12.11. Warp

12.11.1. Overview

This filter displaces pixels of active layer or selection according to the grey levels of a Displacement map. Pixels are displaced according to the gradient slope in the displacement map. Pixels corresponding to solid areas are not displaced; the higher the slope, the higher the displacement.

Figure 16.267.  From left to right: original image, displace map, displaced image

From left to right: original image, displace map, displaced image

Solid areas of displacement map lead to no displacement. Abrupt transitions give an important displacement. A linear gradient gives a regular displacement. Displacement direction is perpendicular to gradient direction (angle = 90°).

Figure 16.268. With a non-linear gradient

With a non-linear gradient

A non-linear gradient leads to curls.

Figure 16.269. With a complex gradient:

With a complex gradient:

And a complex gradient, such as the Solid Noise filter can create, gives a swirl effect.

This filter offers the possibility of masking a part of the image to protect it against filter action.

12.11.2. Activating the filter

This filter is found in the image window menu under FiltersMapWarp.
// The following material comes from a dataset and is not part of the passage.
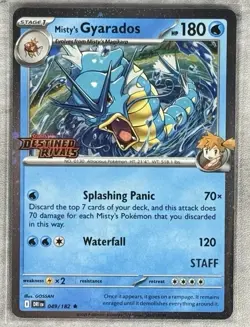 2025 POKEMON DRI EN- #049 MISTY'S GYARADOS PRERELEASE...STAMPED! 💎 - Image 1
This filter has no Preview.

12.11.3. Options

Figure 16.270. Warp filter options

Warp filter options

Basic Options

Step Size

Step is displacement distance for every filter iteration. A 10 value is necessary to get a one pixel displacement. This value can be negative to invert displacement direction.


Iteration is the number of repetitions of effect when applying filter.

On Edges

Because of displacement, a part of pixels are driven over the borders of layer or selection, and, on the opposite side, pixels places are emptying. Four following options allow you to fix this issue:

  • Warp (default): What goes out on one side is going into the opposite side.

  • Smear: Emptying places are filled with a spreading of the neighbouring image line.

  • Black : Emptying places are filled with black color.

  • FG Color : Emptying places are filled with the Foreground color of the color area in Toolbox.

Displacement Map

To be listed in this drop-down list, the displacement map, which is a grey-scaled image, must be present on your screen when you call filter and must have the same size as the original image.

Advanced Options

Dither Size

Once all pixels displaced, this option scatters them randomly, giving grain to the image. The higher this value (0.00-100.00), the thinner the grain.

Figure 16.271. With a 3.00 dither size:

With a 3.00 dither size:

Rotation Angle

This option sets displacement angle of pixels according to the slope direction of gradient. Previous examples have been created with a vertical gradient and a 90° angle: so, pixels were displaced horizontally and nothing went out of the image borders. Here is an example with a 10° angle and 6 iterations:

Figure 16.272. With a 10° angle and 6 iterations:

With a 10° angle and 6 iterations:

Displacement is made according to a 10° angle against vertical. Pixels going out the lower border on every iteration are going into through the upper border (Wrap option checked), giving a dotted line.

Magnitude map

In addition to displacement map, you can add a Magnitude Map. This map is also a grey-scaled image, with the same size as the source image and which must be present on your screen when you call filter. This map gives more or less strength to filter on some parts of the image, according to the grey levels of this magnitude map. Image areas corresponding to white parts of this map will undergo all the strength of filter. Image areas corresponding to black parts of the map will be spared by filter. Intermediate grey levels will lessen filter action on corresponding areas of the image. Use magnitude map must be checked for that.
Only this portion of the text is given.